La Maddalena, la strada panoramica fa paura: «Tutti in auto tra ingorghi e pericoli»
Ennesima protesta di chi percorre la provinciale dell’isola
La Maddalena È una delle strade più suggestive dell’arcipelago, quella che conduce dalle porte di La Maddalena verso fortificazioni, belvedere e alcune delle spiagge più frequentate dell’isola. Ma oggi, secondo automobilisti e residenti, la panoramica provinciale è soprattutto una strada da percorrere con grande attenzione. Oltre venti chilometri «che peggiorano di anno in anno e che durante la stagione estiva mettono insieme traffico intenso, scarsa segnaletica e situazioni di pericolo. «Bisogna stare continuamente con gli occhi aperti», ribadiscono alcuni automobilisti. Il riferimento è soprattutto alle numerose criticità presenti lungo il percorso: in alcuni tratti è stato effettuato lo sfalcio della vegetazione «ma il materiale tagliato e rimasto ai margini della carreggiata, delimitato in qualche caso dal nastro bianco e rosso. Altrove, invece, vegetazione e condizioni dell’asfalto rendono ancora più difficile individuare in tempo ostacoli o dislivelli».

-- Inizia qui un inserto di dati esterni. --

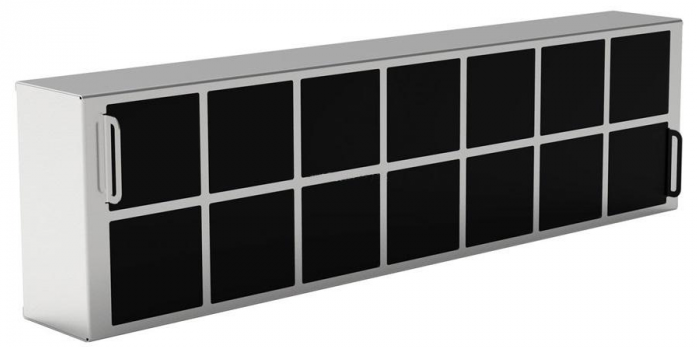 Фильтр угольный Franke KIT FILTRO C.A. H100 GALILEO 112.0548.448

A preoccupare chi percorre quotidianamente la panoramica è anche «la quasi totale assenza di segnaletica orizzontale e di cartellonistica adeguata. La situazione peggiora nei pressi degli arenili di Spalmatore, Cardellino, Monte d’Arena e Bassa Trinità, dove le auto vengono parcheggiate su entrambi i lati della strada. Per i pullman è un calvario e in caso di emergenza potrebbero avere difficoltà anche i mezzi di soccorso».
La provinciale è inoltre frequentata tutto l’anno anche da numerosi ciclisti, molti dei quali stranieri, e da camper. Non mancano poi le lamentele «per le auto e le moto che usano la strada come se fosse una pista da corsa. Ma non è tutto. Sempre presenti gli incivili che abbandonano rifiuti dappertutto e quelli che lasciano in sosta la propria macchina negli stalli riservati alle persone con disabilità. La situazione non è nuova – chiudono gli autori della protesta –. Ma ancora oggi siamo qui a far sentire la nostra voce, aspettando che chi di competenza intervenga».